Data for the task
========================================
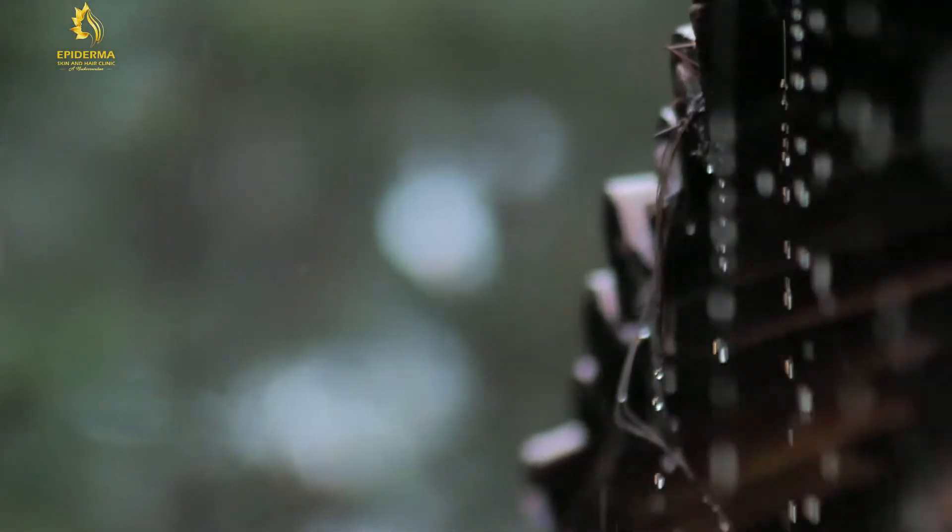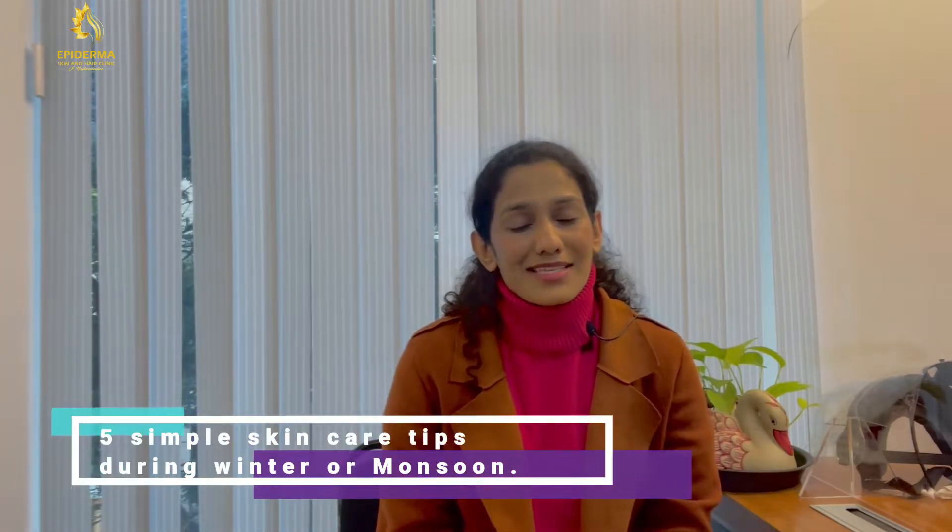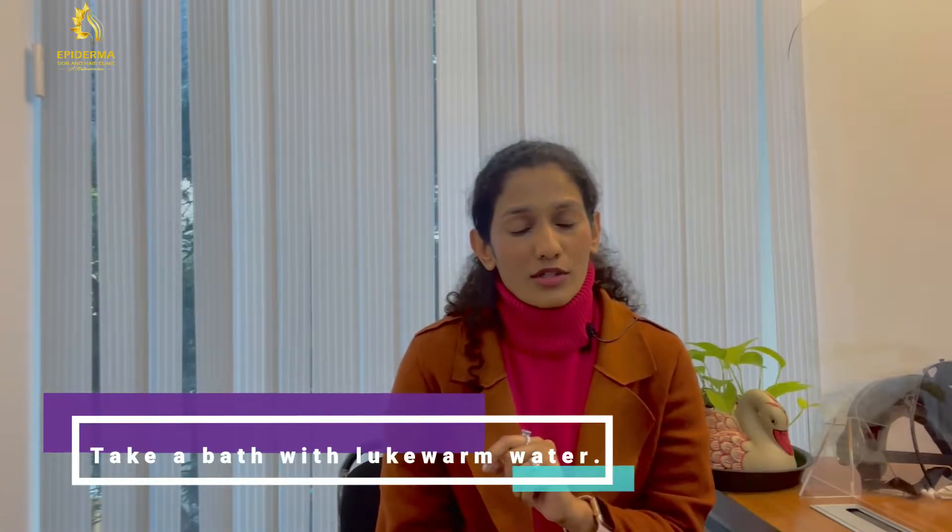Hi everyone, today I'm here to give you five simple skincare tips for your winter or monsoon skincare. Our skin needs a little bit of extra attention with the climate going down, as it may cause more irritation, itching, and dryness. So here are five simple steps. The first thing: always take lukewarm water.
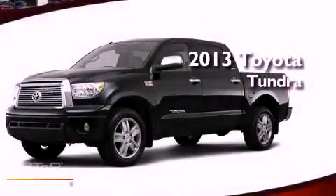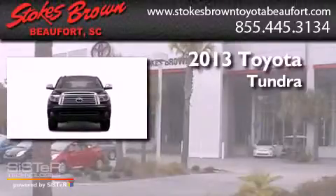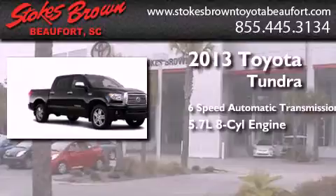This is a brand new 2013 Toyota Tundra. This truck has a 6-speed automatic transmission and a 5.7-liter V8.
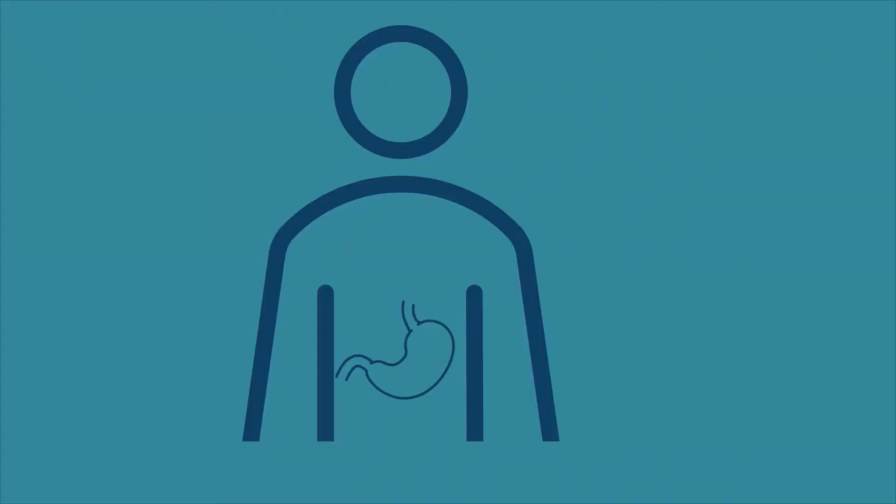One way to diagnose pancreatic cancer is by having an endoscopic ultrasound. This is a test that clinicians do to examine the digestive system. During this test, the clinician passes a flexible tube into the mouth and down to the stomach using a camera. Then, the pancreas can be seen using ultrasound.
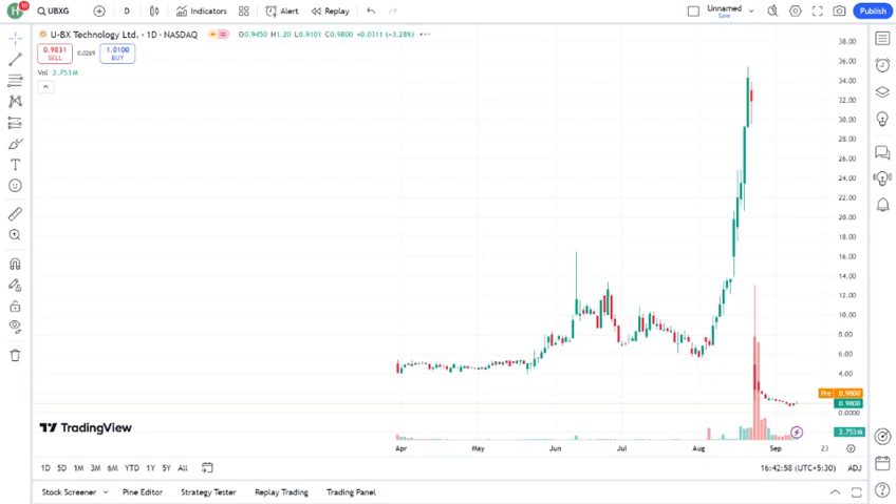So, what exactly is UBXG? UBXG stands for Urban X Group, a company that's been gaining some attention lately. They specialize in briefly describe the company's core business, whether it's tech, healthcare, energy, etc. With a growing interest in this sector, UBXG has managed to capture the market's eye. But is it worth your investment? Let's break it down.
========================================
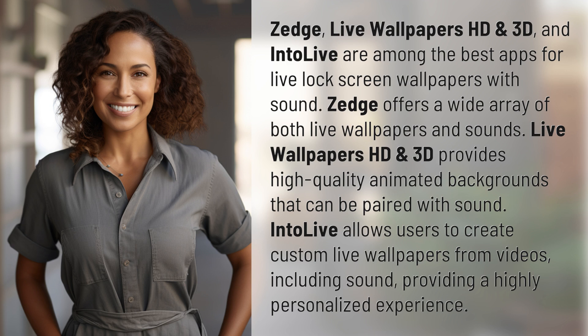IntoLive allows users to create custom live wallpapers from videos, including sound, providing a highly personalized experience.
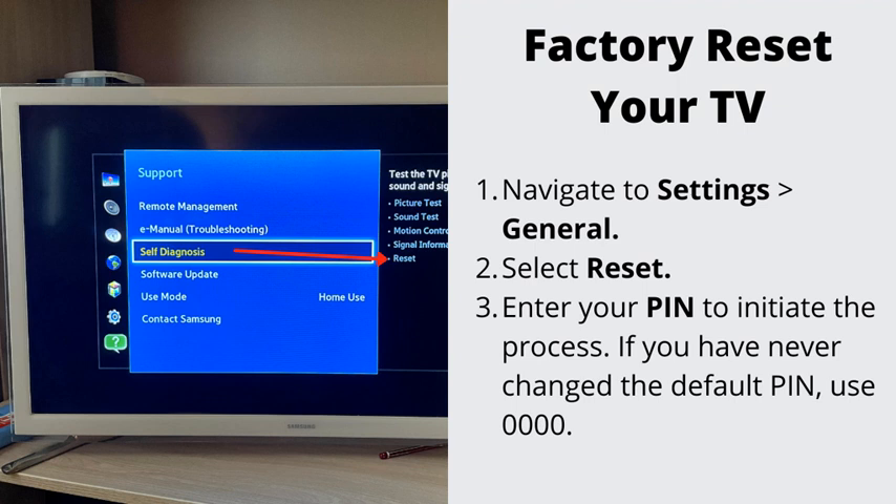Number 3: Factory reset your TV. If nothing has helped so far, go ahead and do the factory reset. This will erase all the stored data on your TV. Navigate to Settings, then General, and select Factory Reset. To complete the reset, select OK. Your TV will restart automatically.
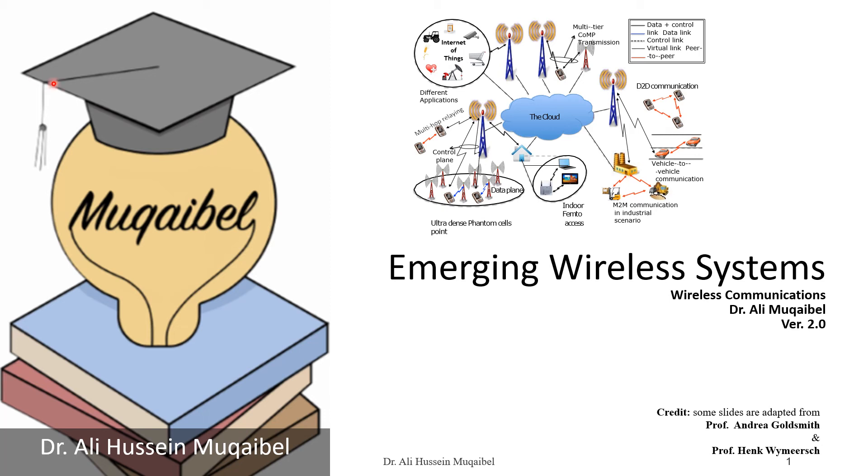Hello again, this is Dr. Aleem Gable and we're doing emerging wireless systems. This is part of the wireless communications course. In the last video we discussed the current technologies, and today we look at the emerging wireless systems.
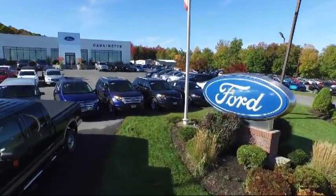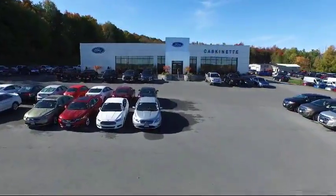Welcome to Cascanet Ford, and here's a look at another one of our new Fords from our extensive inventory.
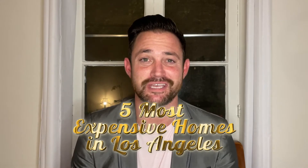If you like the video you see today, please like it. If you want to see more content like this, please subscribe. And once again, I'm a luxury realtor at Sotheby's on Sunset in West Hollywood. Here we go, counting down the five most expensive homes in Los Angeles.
========================================
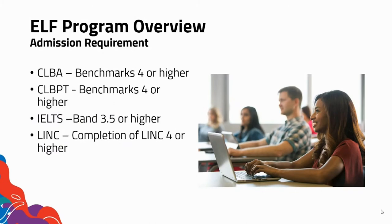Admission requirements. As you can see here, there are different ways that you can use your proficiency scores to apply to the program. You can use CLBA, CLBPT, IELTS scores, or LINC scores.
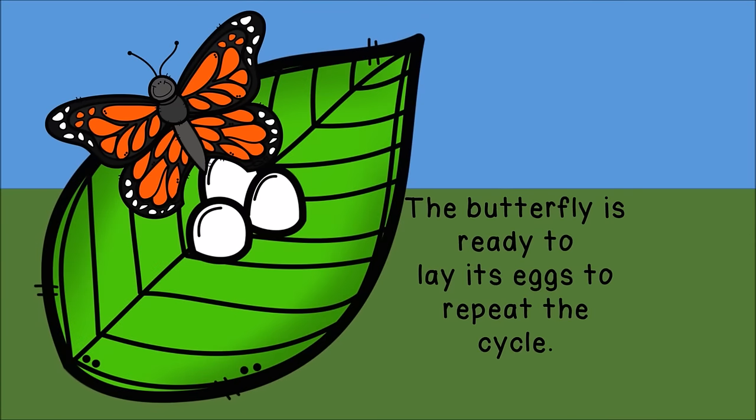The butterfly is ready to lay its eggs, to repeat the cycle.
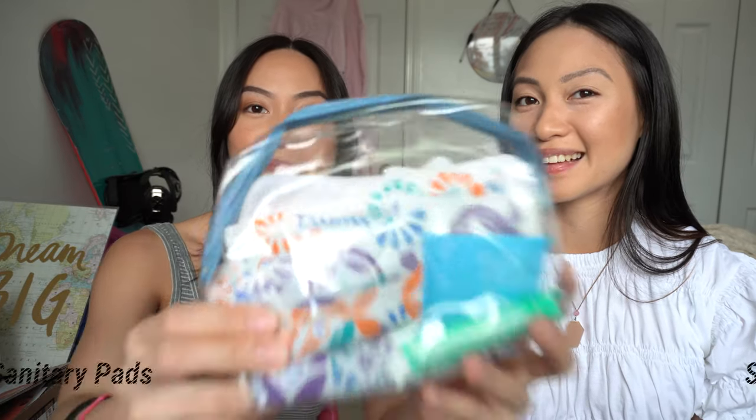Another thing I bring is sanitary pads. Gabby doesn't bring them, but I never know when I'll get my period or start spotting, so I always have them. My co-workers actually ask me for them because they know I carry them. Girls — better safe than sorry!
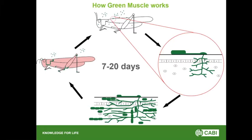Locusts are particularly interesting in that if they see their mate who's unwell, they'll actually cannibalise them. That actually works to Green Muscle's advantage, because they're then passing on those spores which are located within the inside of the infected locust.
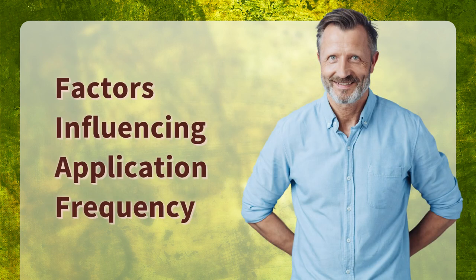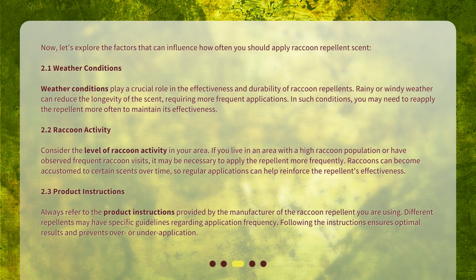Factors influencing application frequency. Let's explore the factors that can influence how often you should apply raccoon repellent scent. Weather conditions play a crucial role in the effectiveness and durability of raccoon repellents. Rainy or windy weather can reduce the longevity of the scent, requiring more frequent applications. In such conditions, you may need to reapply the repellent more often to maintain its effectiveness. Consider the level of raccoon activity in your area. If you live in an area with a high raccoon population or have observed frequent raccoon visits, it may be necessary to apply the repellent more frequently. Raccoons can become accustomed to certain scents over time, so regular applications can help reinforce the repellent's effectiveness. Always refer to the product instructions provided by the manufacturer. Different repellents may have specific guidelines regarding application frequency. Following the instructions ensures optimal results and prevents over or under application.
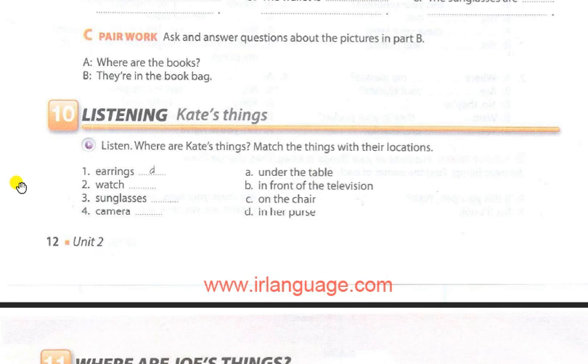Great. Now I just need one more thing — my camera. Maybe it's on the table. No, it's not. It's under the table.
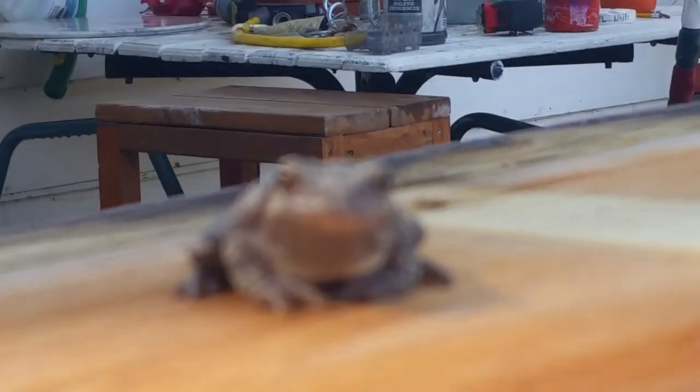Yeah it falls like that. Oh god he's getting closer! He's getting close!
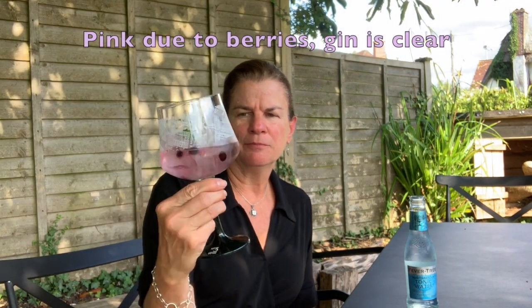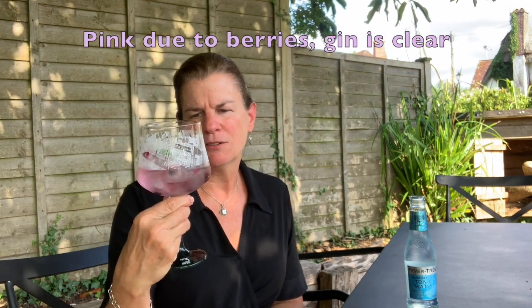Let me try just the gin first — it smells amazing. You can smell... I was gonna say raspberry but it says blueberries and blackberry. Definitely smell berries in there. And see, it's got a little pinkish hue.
========================================
Directions for this task
Please copy out from the data above, without any picture, exactly the lines running from the one that holds "Another thing I" through the one that holds "Locusts are particularly", and nothing beyond them.

Your solution
Another thing I bring is sanitary pads. Gabby doesn't bring them, but I never know when I'll get my period or start spotting, so I always have them. My co-workers actually ask me for them because they know I carry them. Girls — better safe than sorry!
Locusts are particularly interesting in that if they see their mate who's unwell, they'll actually cannibalise them. That actually works to Green Muscle's advantage, because they're then passing on those spores which are located within the inside of the infected locust.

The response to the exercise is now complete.